## INFORMATION
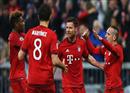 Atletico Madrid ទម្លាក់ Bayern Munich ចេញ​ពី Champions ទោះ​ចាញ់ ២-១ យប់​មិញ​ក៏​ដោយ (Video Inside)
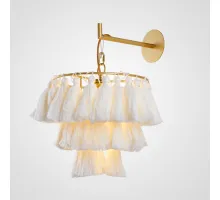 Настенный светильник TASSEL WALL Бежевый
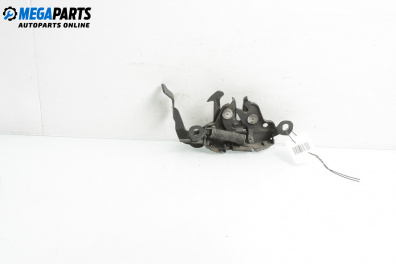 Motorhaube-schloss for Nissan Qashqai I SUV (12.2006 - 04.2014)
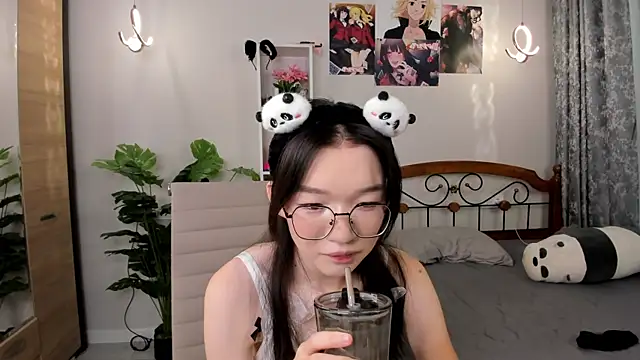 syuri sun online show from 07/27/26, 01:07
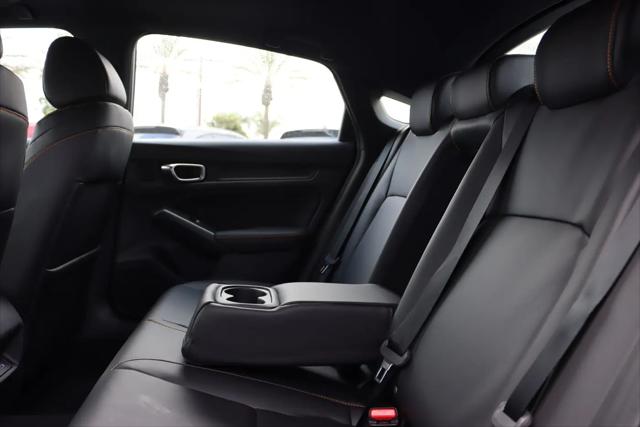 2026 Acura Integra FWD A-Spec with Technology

--

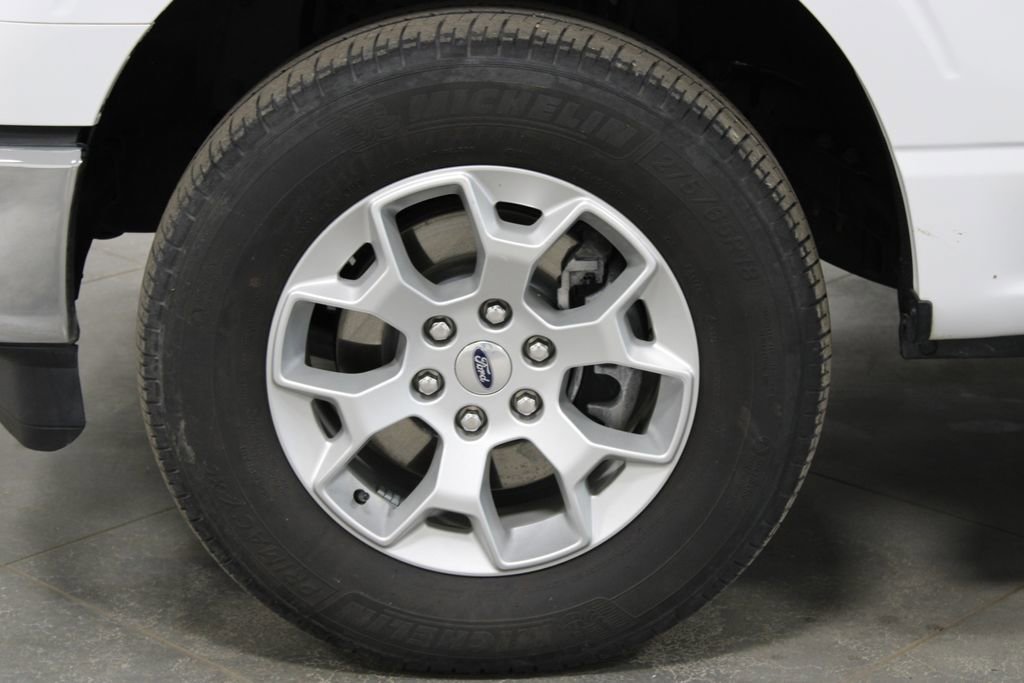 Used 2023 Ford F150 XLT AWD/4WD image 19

## TASK TO CARRY OUT
Once the line with "syuri sun online show from 07/27/26, 01:07" is found in the data above, reproduce it and each line after it exactly, through the line with "2026 Acura Integra". Omit the pictures.

## WRITTEN SOLUTION
 syuri sun online show from 07/27/26, 01:07
 2026 Acura Integra FWD A-Spec with Technology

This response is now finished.